In 1916, Menin Road was the route that Allied troops took from Ypres to the front line.
Today, the front line is gone but the road still exists (Menenstraat) and if you leave Ypres from the Menin Gate, it’s a quick 10-minute walk to the cemetery. This is one of the few wartime burial grounds that remained in Allied hands throughout the entire war.
Earlier in the war, across the street was the Menin Road North Cemetery. Parts of the North graveyard were destroyed by artillery and after the war, the North and South Cemeteries were consolidated into one.
Frank Harold Hirtle (#478799) was born on November 9th, 1894. He attested in Halifax to the Royal Canadian Regiment (the RCRs) on October 31, 1914, and is listed as being 5’3 and a half inches, 123 lbs, with brown hair, brown eyes, a scar on his left thigh, and scars on his knees. He was KIA on August 17, 1916.
There are no surprises in Frank’s records other than numerous transcription mistakes; his records are mixed with another soldier (Frank Leopold Hirtle), he is listed in burial records as Frank Thirtle, and his military records list death in France even though the RCRs were active at Zillebeke (Belgium) that day.
Two people from the RCRs died on August 17, 1916: Frank and Pte. Wilfred Le Page. Their death records say that Frank died in the trenches at Sanctuary Wood and Wilfred died in the trenches at Zillebeke. I suspect the two may have been in the same place (Sanctuary Wood is in Zillebeke); that they died together. Records support that they were buried together. Ironically, both had scars on their left legs.

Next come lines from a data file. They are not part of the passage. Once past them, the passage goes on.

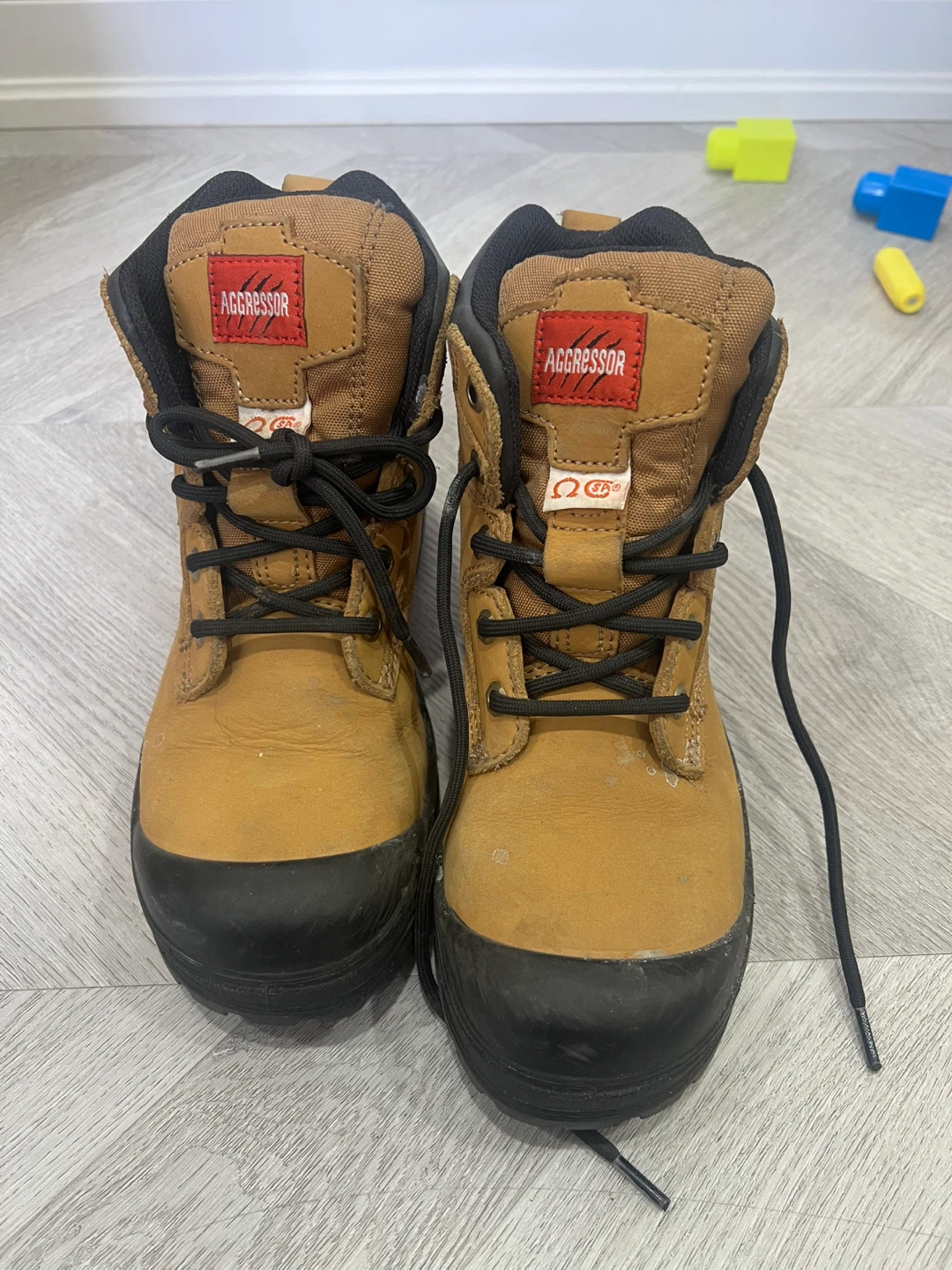 Aggressor Work Boots ( safety shoes)Size 8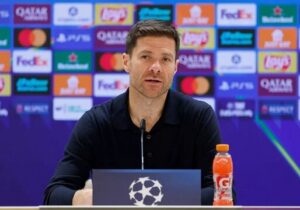 بازیکنانی که با آلونسو به مشکل برخوردهاند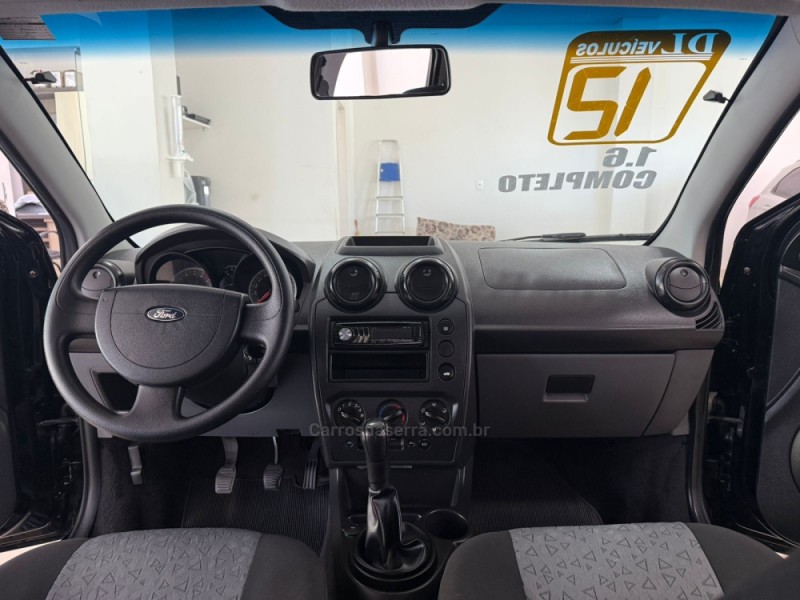 FIESTA 1.6 MPI SEDAN 8V FLEX 4P MANUAL - 2012 - NOVA BASSANO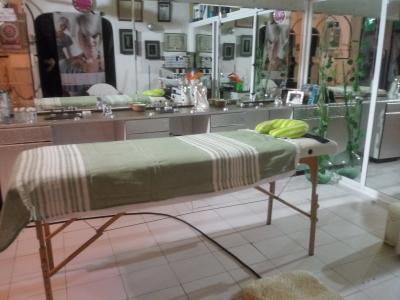 Chico busca chica en Orense:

The RCR war diaries for that day state,
“Rain during the day making the waking very difficult. Enemy Artillery kept up a heavy shelling of our front line all day today but stopped at dusk. Night was quite quiet. Raiding party of Lieut. BOLE and 16 O.R. [Other Ranks] with support party under Lieut. CHURCHILL. See O.O. 25. Attached.”
O.O. 25. states that the only activity from the RCRs was a raiding party at Zillebeke. The intelligence report after states:
“At 3 a.m. the tube was fired successfully and a raiding party under Lieut. BOLE left our sap and attempted to rush enemy trench by means of the gap created in the wire. When the leading men got through the wire they were caught by enemy machine gun fire and bombs and every member of the raiding party except Lieut. BOLE was either wounded or killed.”
The same report states that Bole got all the wounded out of the trenches that night; and, the casualties were high:
“Our casualties were:- 1 killed and 15 wounded, two or three of whom I regret to say will probably die.”
Because soldiers who go out on raiding parties don’t carry identification… and because the raid was in the enemy trench, I suspect that both Frank and Wilfred were wounded, carried out of the trench, and later died of their wounds. Their identity and burial location are known so they weren’t left behind. Also, the Menin Road South Cemetery was primarily used by Field Ambulances.